Stored entries
★ ★ ★ ★ ★
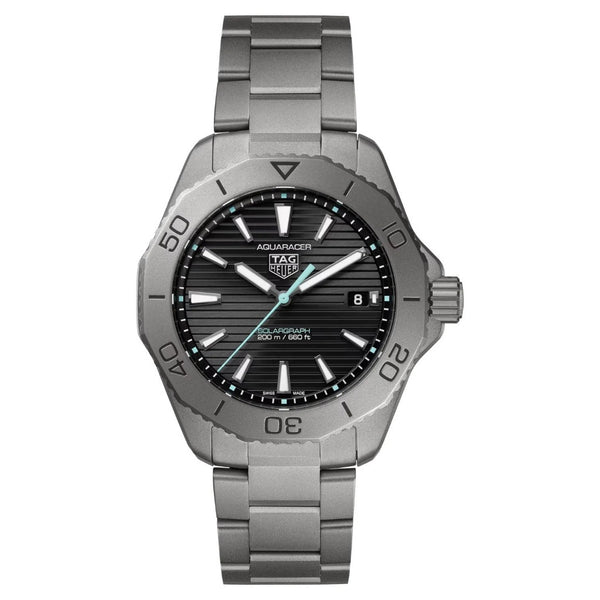 Tag Heuer Aquaracer Professional 200 Solargraph Titanium 40mm Watch WBP1180.BF0000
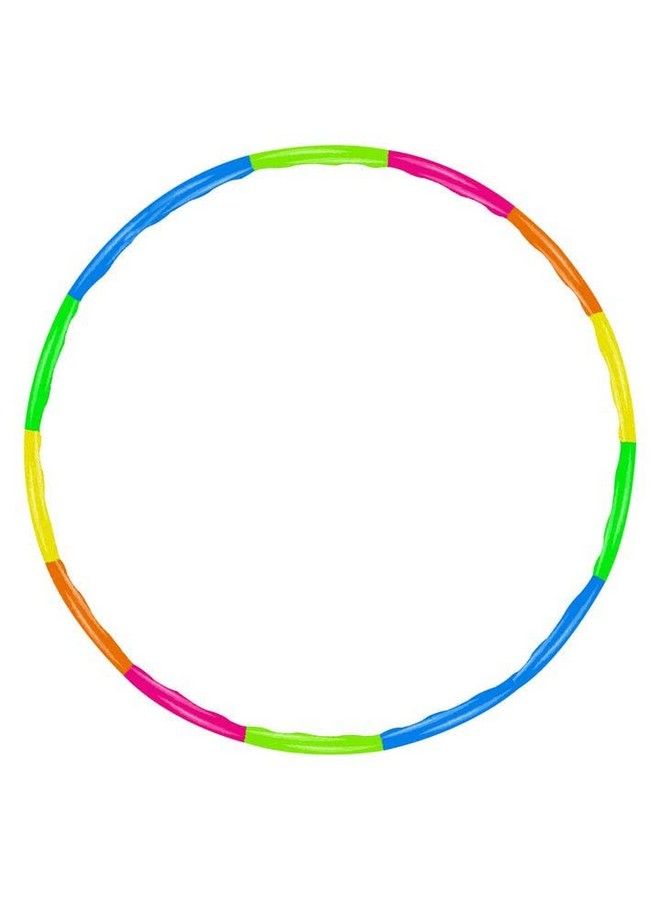 Hula Hoop Zig Zag For Adults Kids Quality Exercise Fitness Ring Multi Colour Adjust In 2 Sizes ; Hoopla Baby Toys Play Kit
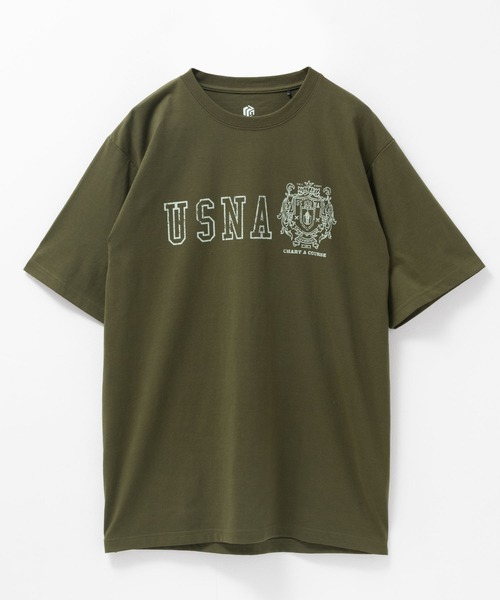 Mac-House(マックハウス)の「T-GRAPHICS ミニタリーデザイン半袖Tシャツ(Tシャツ/カットソー・メンズ・オートミール/ネイビー/ベージュ/カーキ/チャコールグレー・S/M/L/XL)」の15枚目の写真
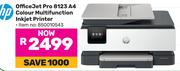 HP Office Jet Pro 8123 A4 Colour Multifunction Inkjet Printer 850010543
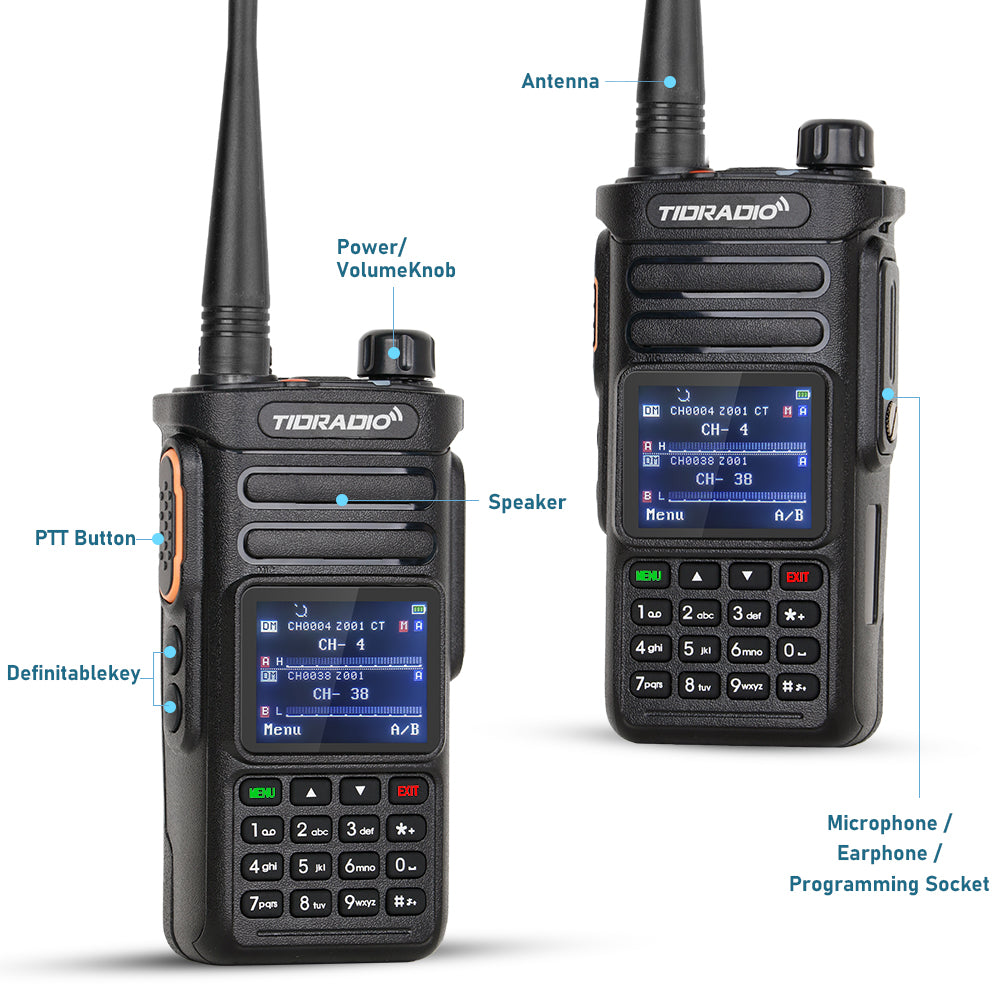 DP738 10W Analog / DMR Radio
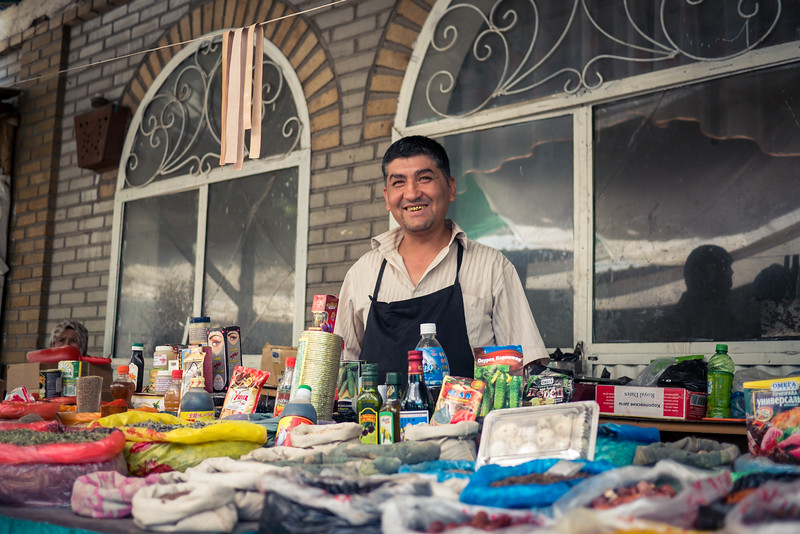 vendor at Osh Jayma Bazaar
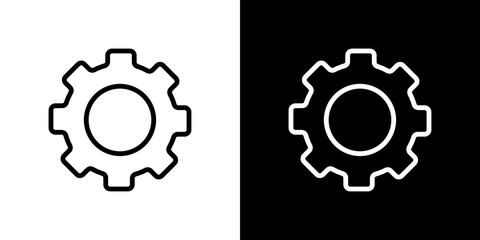Settings icon symbol concept for graphic design, Website, UI. Svg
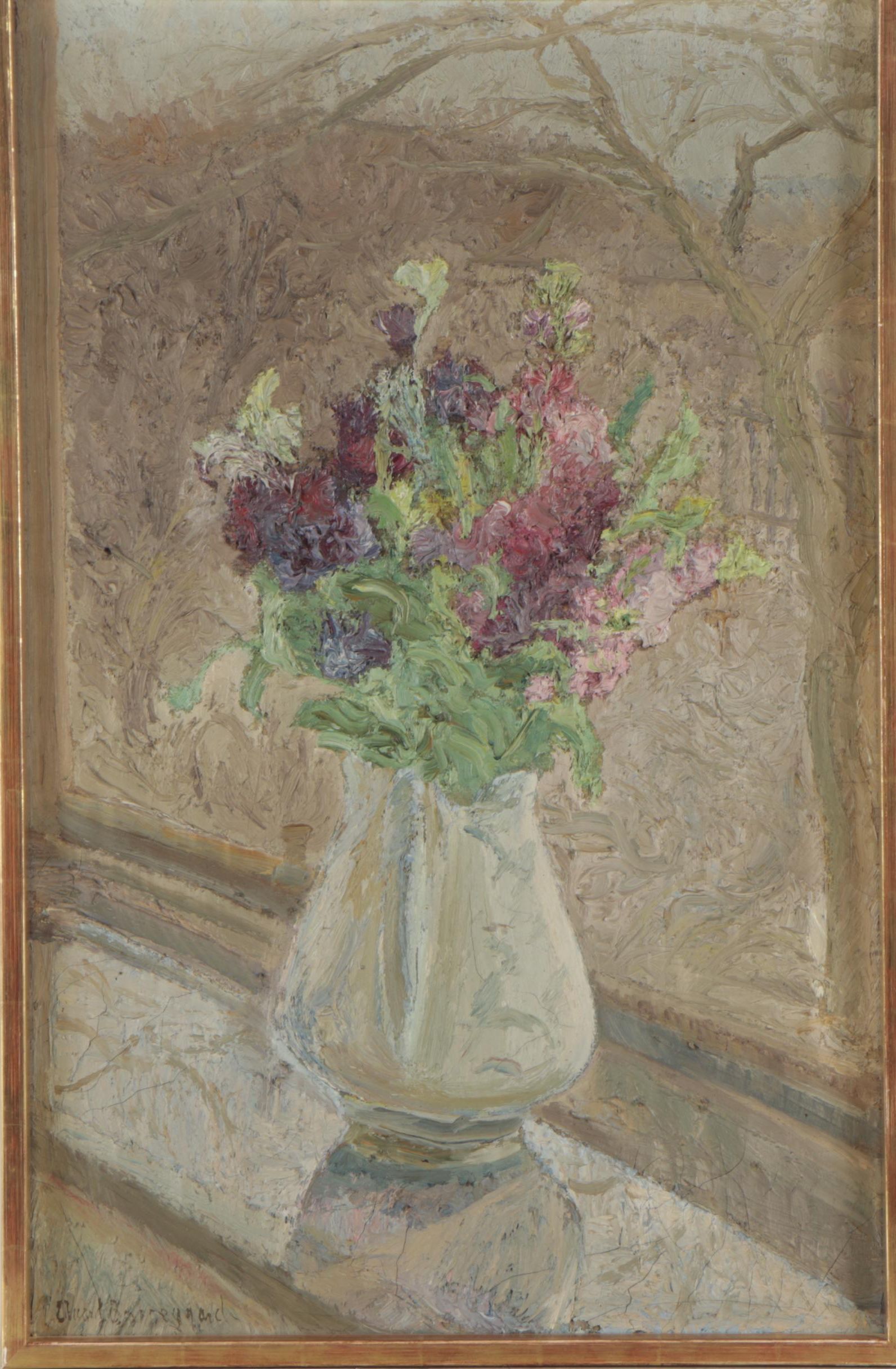 Eduard Borregaard Oil Painting of Floral Still Life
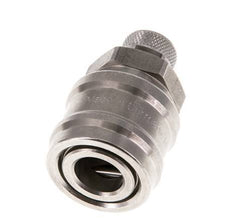 Stainless steel DN 7.2 (Euro) Air Coupling Socket 6x8 mm Union Nut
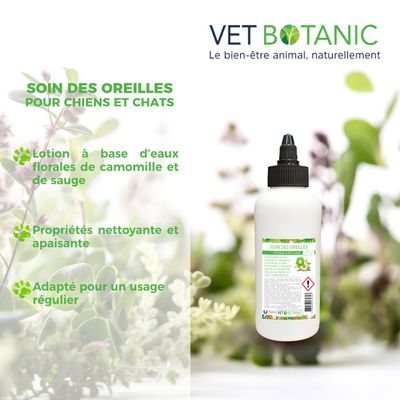 SOIN DES OREILLES à la sauge - Hygiène auriculaire chiens et chats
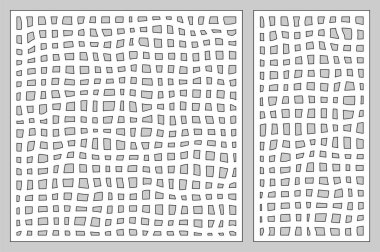 Dekoratif kart kesme lazer veya çizici için ayarla. Doodle Mesh desen paneli. Lazer kesim. Oran 1:2; 1:1. vektör çizim.
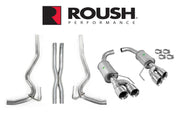 2018-2026 Mustang Coupe GT 5.0L Roush 422093 Cat Back Exhaust System with X Pipe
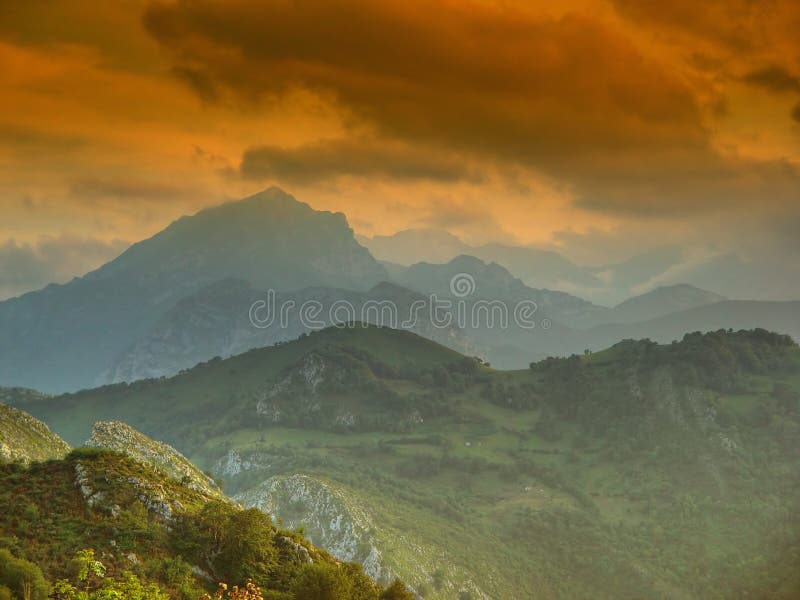 Asturian landscape, near the Picos de Europa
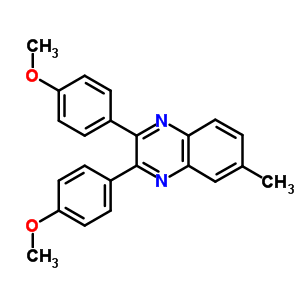 36305-63-2  2,3-bis(4-methoxyphenyl)-6-methylquinoxaline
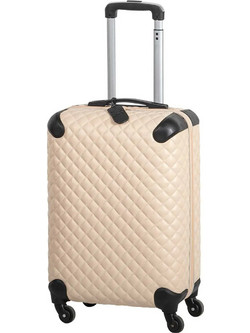 Greenwich Polo Club Premium 7504 Βαλίτσα Μεγάλη 75x47x31cm με 4 Ρόδες Μπεζ
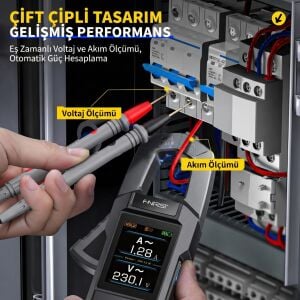 FNIRSI DMC-100 Akım Gerilim Pensampermetre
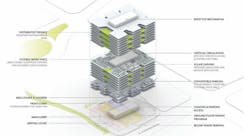 Cutaway illustration of 200 Park in San Jose Cutaway illustration of 200 Park in San Jose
★ ★ ★ ★ ★
**About this task:**
This exercise calls for the records to be given again exactly, without the images.

**Answer to this problem:**
 Tag Heuer Aquaracer Professional 200 Solargraph Titanium 40mm Watch WBP1180.BF0000
 Hula Hoop Zig Zag For Adults Kids Quality Exercise Fitness Ring Multi Colour Adjust In 2 Sizes ; Hoopla Baby Toys Play Kit
 Mac-House(マックハウス)の「T-GRAPHICS ミニタリーデザイン半袖Tシャツ(Tシャツ/カットソー・メンズ・オートミール/ネイビー/ベージュ/カーキ/チャコールグレー・S/M/L/XL)」の15枚目の写真
 HP Office Jet Pro 8123 A4 Colour Multifunction Inkjet Printer 850010543
 DP738 10W Analog / DMR Radio
 vendor at Osh Jayma Bazaar
Settings icon symbol concept for graphic design, Website, UI. Svg
 Eduard Borregaard Oil Painting of Floral Still Life
 Stainless steel DN 7.2 (Euro) Air Coupling Socket 6x8 mm Union Nut
 SOIN DES OREILLES à la sauge - Hygiène auriculaire chiens et chats
 Dekoratif kart kesme lazer veya çizici için ayarla. Doodle Mesh desen paneli. Lazer kesim. Oran 1:2; 1:1. vektör çizim.
 2018-2026 Mustang Coupe GT 5.0L Roush 422093 Cat Back Exhaust System with X Pipe
 Asturian landscape, near the Picos de Europa
 36305-63-2  2,3-bis(4-methoxyphenyl)-6-methylquinoxaline
 Greenwich Polo Club Premium 7504 Βαλίτσα Μεγάλη 75x47x31cm με 4 Ρόδες Μπεζ
 FNIRSI DMC-100 Akım Gerilim Pensampermetre
 Cutaway illustration of 200 Park in San Jose Cutaway illustration of 200 Park in San Jose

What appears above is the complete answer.